## DATA EXTRACT
□ □ □ □ □ □ □

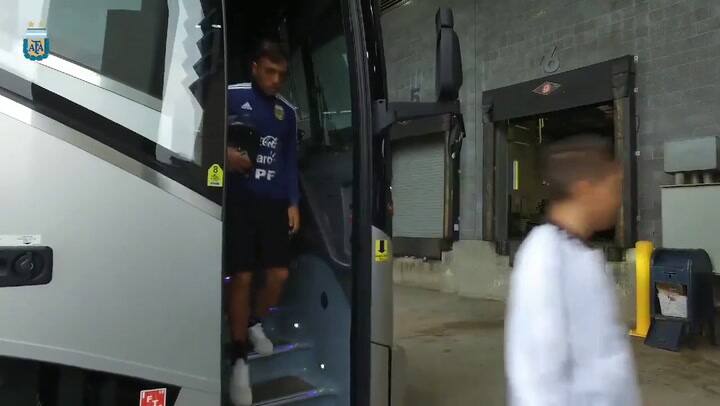 Así llegaba la selección argentina al estadio para enfrentarse a Colombia - Fuente: Twitter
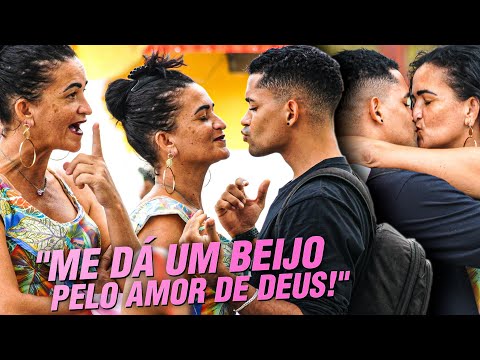 PEGADINHA: ME DÁ UM BEIJO PELO AMOR DE DEUS (E ELA BEIJOU)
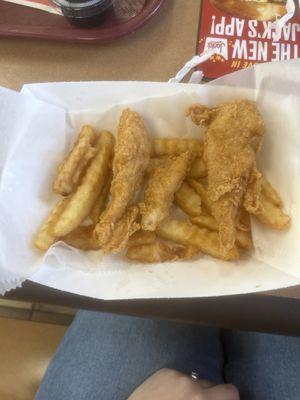 this is my #7 3 piece chicken strip meal, this is just sad honestly and i wasn't the only one in the store who got ripped off,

□ □ □ □ □ □ □

## WHAT TO DO
Write out the whole of the data exactly; the pictures stay out.

## TASK SOLUTION
 Así llegaba la selección argentina al estadio para enfrentarse a Colombia - Fuente: Twitter
 PEGADINHA: ME DÁ UM BEIJO PELO AMOR DE DEUS (E ELA BEIJOU)
 this is my #7 3 piece chicken strip meal, this is just sad honestly and i wasn't the only one in the store who got ripped off,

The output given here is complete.